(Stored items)

== Segment start ==

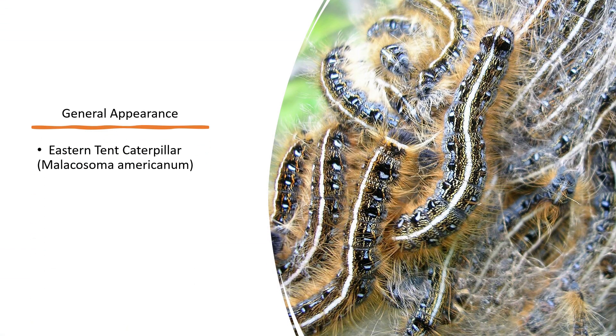Eastern tent caterpillars are dark in color with bluish sides, a series of light blue oval dots on the sides, and a distinct solid white stripe down their backs. Their bodies are also covered in dense clusters of long, light-colored hairs.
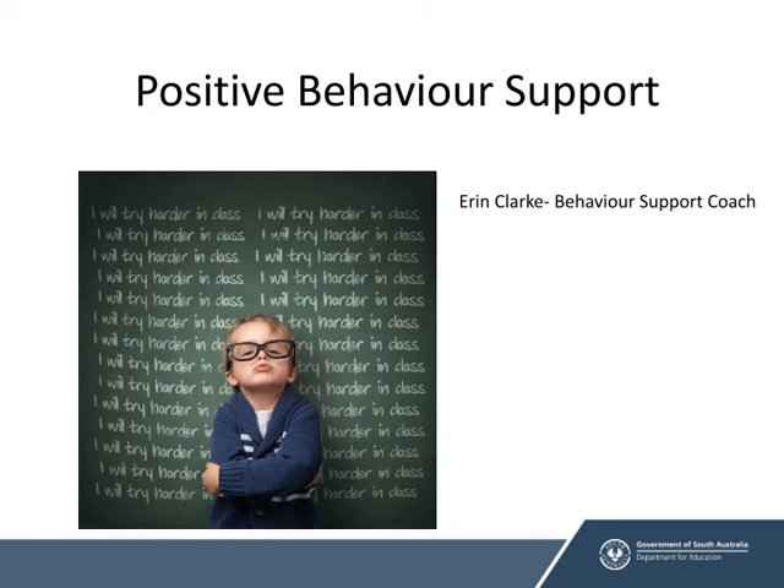Hello, my name is Erin Clark. I'm a behaviour support coach at the Nolunga Education Office. This PD has been developed from a variety of different professional developments I've been running over the years, some in primary schools, some in high schools. This most recent one has been developed for some teachers within special options settings.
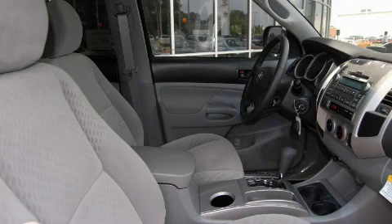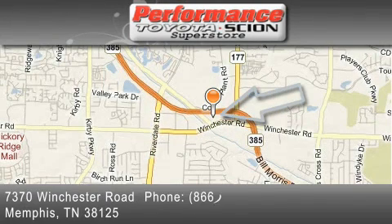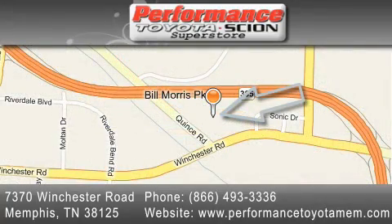Call or visit us right now and arrange your test drive today. Performance Toyota is located at 7370 Winchester Road in Memphis. Our goal is to exceed all of your expectations to ensure that you'll return for future visits.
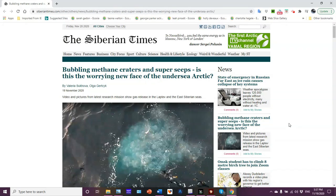Hello folks, welcome to Science Talk. I'm your host Jim Massa. And this is an article that was just published recently in the Siberian Times on November 20th of this year.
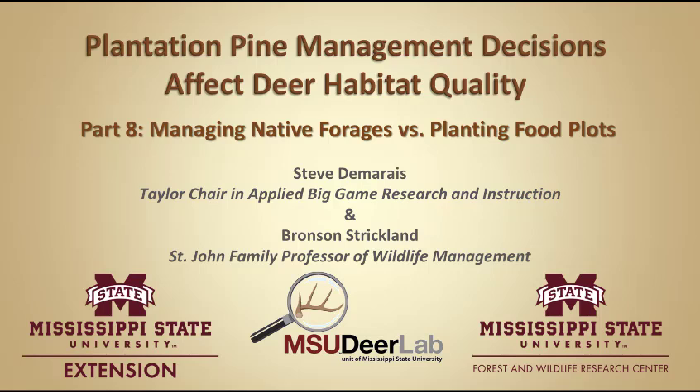Welcome to the MSU Deer Labs online seminar series brought to you by Mississippi State University Extension Service and the Forest and Wildlife Research Center. My name is Steve Damaris and I'm the Taylor Chair in Applied Big Game Research and Instruction at Mississippi State University.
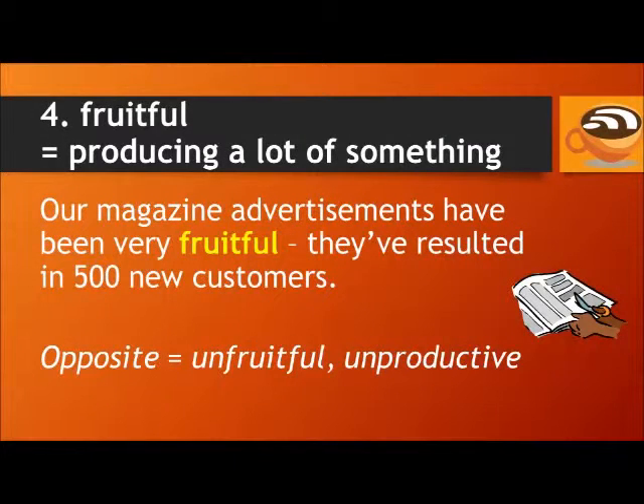Number four: fruitful. Fruitful does not mean full of fruit. Fruitful means producing a lot of something. For example: our magazine advertisements have been very fruitful — they've resulted in 500 new customers. The opposite of fruitful is unfruitful or unproductive.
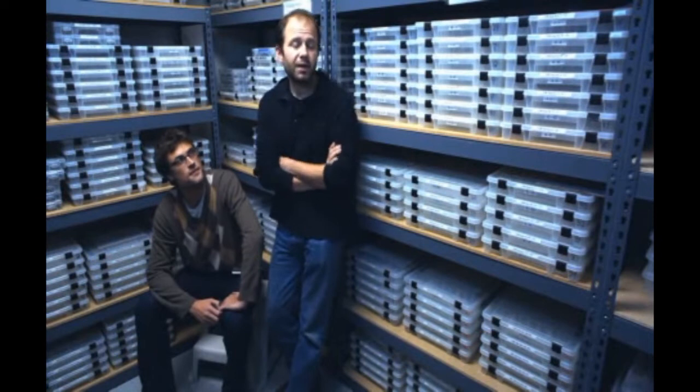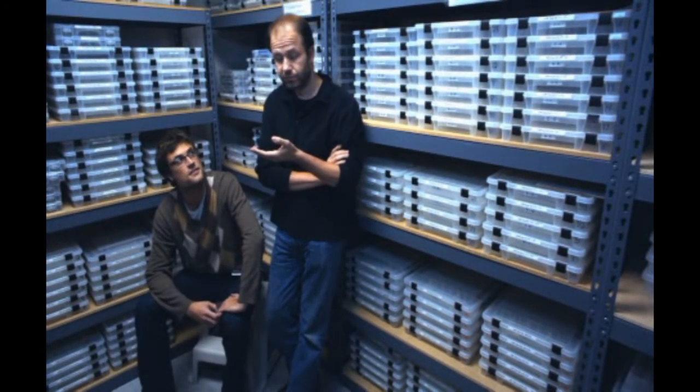I'm Brian McLean. And I'm Martin Meunier. We are basically in charge of what we call here the rapid prototyping department.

== Segment end ==

_INSTRUCTIONS FOR THE TASK_
This exercise asks for the data above to be given again exactly, without pictures.

_RESPONSE BOX_
Eastern tent caterpillars are dark in color with bluish sides, a series of light blue oval dots on the sides, and a distinct solid white stripe down their backs. Their bodies are also covered in dense clusters of long, light-colored hairs.
Hello, my name is Erin Clark. I'm a behaviour support coach at the Nolunga Education Office. This PD has been developed from a variety of different professional developments I've been running over the years, some in primary schools, some in high schools. This most recent one has been developed for some teachers within special options settings.
Call or visit us right now and arrange your test drive today. Performance Toyota is located at 7370 Winchester Road in Memphis. Our goal is to exceed all of your expectations to ensure that you'll return for future visits.
Hello folks, welcome to Science Talk. I'm your host Jim Massa. And this is an article that was just published recently in the Siberian Times on November 20th of this year.
Welcome to the MSU Deer Labs online seminar series brought to you by Mississippi State University Extension Service and the Forest and Wildlife Research Center. My name is Steve Damaris and I'm the Taylor Chair in Applied Big Game Research and Instruction at Mississippi State University.
Number four: fruitful. Fruitful does not mean full of fruit. Fruitful means producing a lot of something. For example: our magazine advertisements have been very fruitful — they've resulted in 500 new customers. The opposite of fruitful is unfruitful or unproductive.
I'm Brian McLean. And I'm Martin Meunier. We are basically in charge of what we call here the rapid prototyping department.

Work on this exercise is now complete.